Manage Disaster Recovery
Configuration of Disaster Recovery (DR) between an active site and a standby site ensures geographical redundancy of network management services.
Before you initiate the DR process between both sites, perform the following tasks:
Ensure that the connectivity requirements as described in the Disaster Recovery Overview topic are met.
Check whether identical cluster configurations exist on both sites. We recommend that both clusters have the same number of nodes so that, even in the case of a disaster, the standby site can operate with the same capacity as the active site.
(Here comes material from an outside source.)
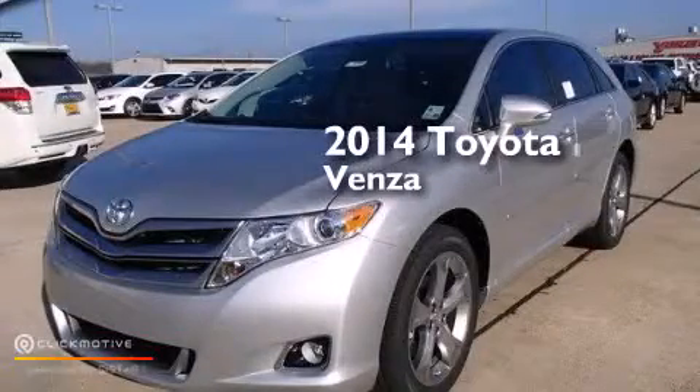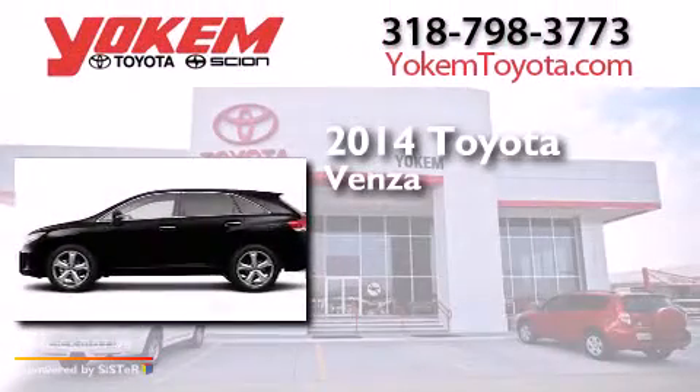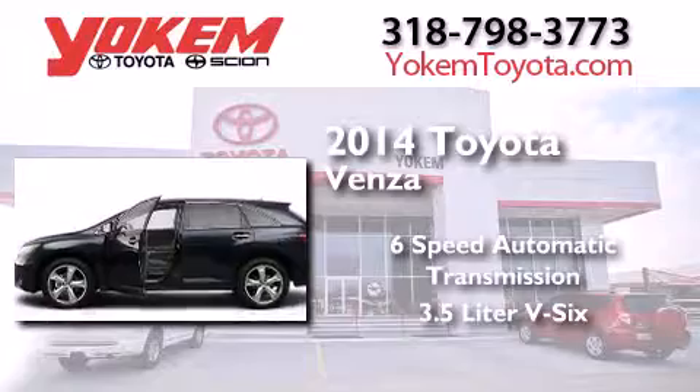This is a brand new 2014 Toyota Venza. This crossover has a 6-speed automatic transmission and a 3.5-liter V6.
Ensure that the same versions of Junos Space Network Management Platform, high-level Junos Space applications, and device adapters are installed at both sites.
Shut down the DR process configured on Junos Space Network Management Platform Release 14.1R3 and earlier before upgrading to Junos Space Network Management Platform Release 15.2R1 and configuring the new DR process. For more information, see Stopping the Disaster Recovery Process on Junos Space Network Management Platform Release 14.1R3 and Earlier.
You cannot configure the new DR process if you do not stop the DR you set up on 14.1R3 and earlier releases. You do not need to perform this step on a clean installation of Junos Space Network Management Platform Release 15.2R1.
Ensure that the same SMTP server configuration exists on both sites to receive e-mail alerts related to the DR process. You can add SMTP servers from the SMTP Servers task group in the Administration workspace. For more information about adding SMTP servers, see Adding an SMTP Server.
To configure Disaster Recovery:
Select Administration > Disaster Recovery > Manage Disaster Recovery.
The Configure Disaster Recovery Wizard page opens.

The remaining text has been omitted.